Evet, şu anda yaşadığımız sıkıntıda işte tam bu yüzden. Aslında beni resmi olarak nüfuslarına almayı çok istediler ve Sivas’tan babamı çağırdılar. Babam köyden geldi ama tekliflerini kabul etmek için karşılığında para istedi. Halit Bey ve eşi Ervuş Hanım da bu durumu kabullenemediği için evlat edinme olayı sözlü olarak kaldı. Zaten babam da beni alıp Sivas’a götürdü. Ama ben iki gün sonra yine mutlu olduğum Ses ailesinin yanına kaçtım. Babam da zaten bir daha arayıp sormadı beni. Ama onlar, beni evlat edinebilmek için birçok kez babamla bağlantı kurdu fakat babam her seferinde karşı çıktı. Ama biz her şeye rağmen iyi bir aile olmayı başardık. Kızım ve oğlum onları öz babaanne ve dede olarak bildiler.
Bir dönem ailenizle Almanya’da yaşamışsınız ama geri dönüşünüz de yine Ses ailesi için olmuş, öyle değil mi?
– Evet, 2000 yılıydı. Annem, Ervuş Ses aniden hastalanıp felç geçirdi ve biz bu haber üzerine hemen Türkiye’ye döndük.
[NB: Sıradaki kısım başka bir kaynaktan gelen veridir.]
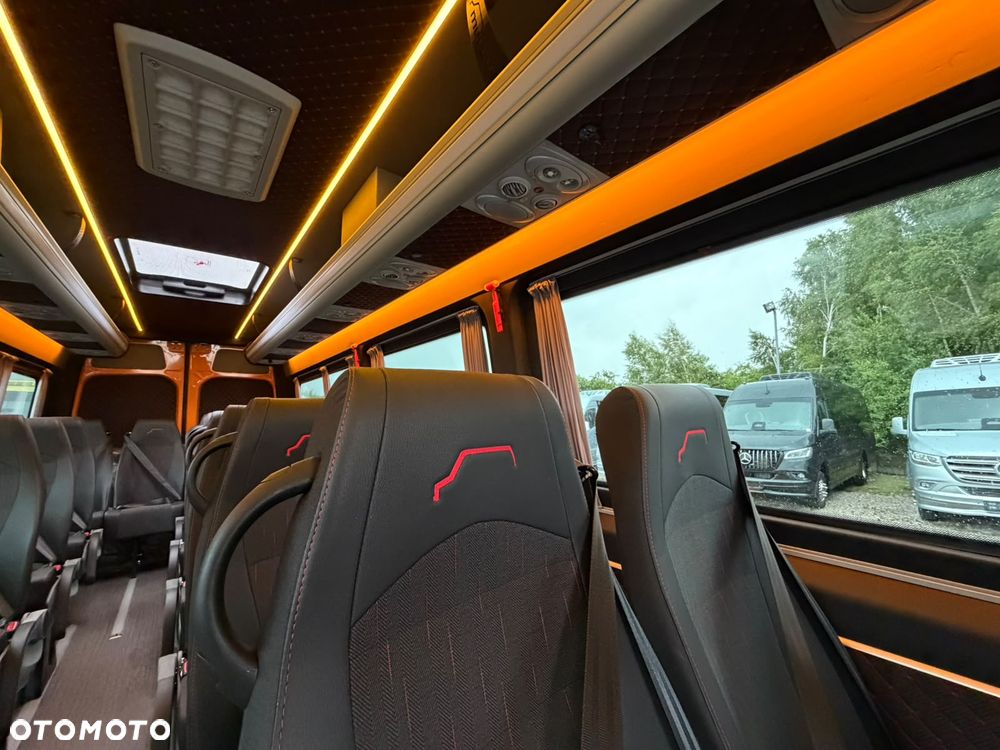 Mercedes-Benz Sprinter 517 - 25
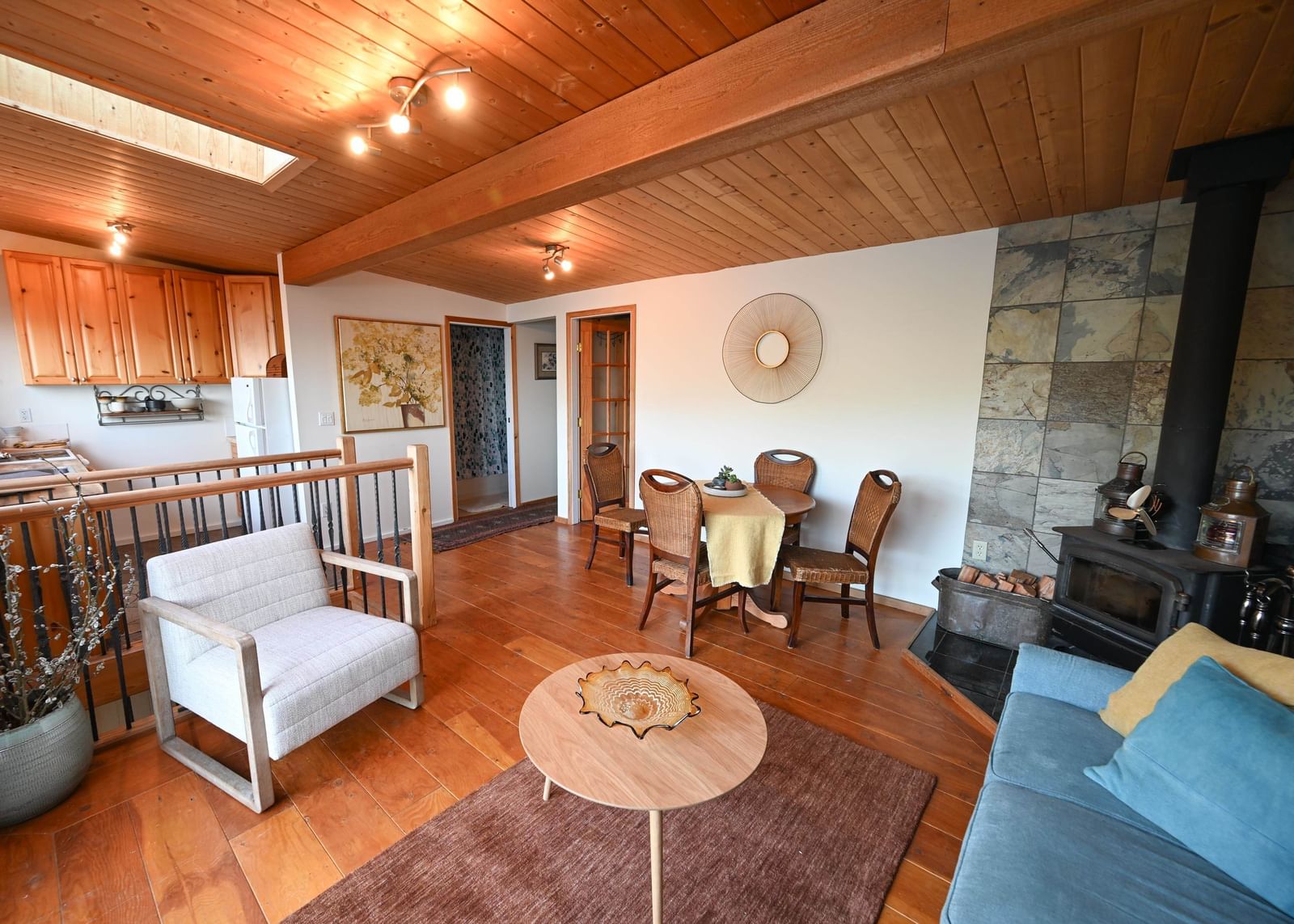 Listing Image 5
Tedavisini ve bakımını üstlendik. Babam Halit’te yaşı nedeniyle yardımcı olamıyordu. 2005 yılında onun da rahatsızlıkları artınca biz onların Etiler’deki evine taşındık. 2007’de Ervuş, 2008’de de Halit Ses’i kaybettik.
Mirasçılar hastalıkları zamanında mı yoksa öldükten sonra mı ortaya çıktılar?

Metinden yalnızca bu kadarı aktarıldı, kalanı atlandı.